On Aug 21,  7:41pm, Peter Stephenson wrote:
}
} "external_command > >(blah)" apparently executes "blah" asynchronously
} is because it forks "external_command" before starting the process
} substitution.

Ah, I should have thought of that.

} So there's no chance of >(blah) grabbing the terminal when it
} shouldn't because it's already associated with a job that's
} disconnected from the terminal [...]
} (If it tried to talk to the terminal, having
} already been forked, the job would be stopped by SIGTTIN, so you'd find
} out straight away --- I think that would indicate in this case that the
} logic was screwy rather than what we were trying to do was wrong,
} however.)

Hm.

schaefer<515> /bin/echo >>(tty 0<&1)
/dev/ttys001
schaefer<520> /bin/echo >>(cat 0<&1)
cat: stdin: Input/output error

In neither case is there a SIGTTIN, so there's something wrong with this
analysis.  Nevertheless ...

} The change I made simply means it grabs the terminal when it
} should, which is when it's in the foreground and there was no fork

... that seem likely correct, because withOUT your patch:

schaefer<525> : >>(trap "print Nyah nyah" TTIN; cat 0<&1)
cat: stdin: Interrupted system call
Nyah nyah

Without the trap, I get a silently stopped process with no way to bring
it to the foreground, which becomes a zombie if I SIGTERM it.  So there
definitely is an argument for having *something* wait for those process
substitutions.

} That's the case of >(...) as an ordinary(**) command line argument

Oops, just misconstrued this in my response to Vincent.

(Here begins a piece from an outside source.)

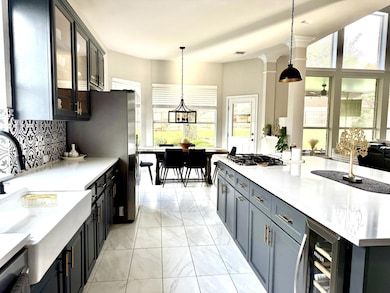 Kitchen with wine cooler, gas stovetop, light mar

} I think the difference must be because with >(...) we add the PID to our
} job table of things to wait for

I'm not sure that's true.

schaefer<537> : >(trap "print Nyah nyah" TTIN; cat 0<&1) 
cat: stdin: Interrupted system call
Nyah nyah

Here again, if I omit the trap then I end up with a zombie cat.  (That
sounds like a line from a low-budget horror flick.)  Nothing's waiting.

} I'm tempted to back off the change for non-redirection process
} substitution and attack that separately, and commit the remaining
} shebang.

I tentatively agree, but confess I've lost precise track of what the
end result is.

} (**) "the case of >(...) as an ordinary command line argument": This
} reminds of a sketch I can vaguely remember of a gorilla travelling on
} the Tube (London Underground to overseas visitors) and everyone ignoring
} it.  It might have been Monty Python.  Or I might just have invented it.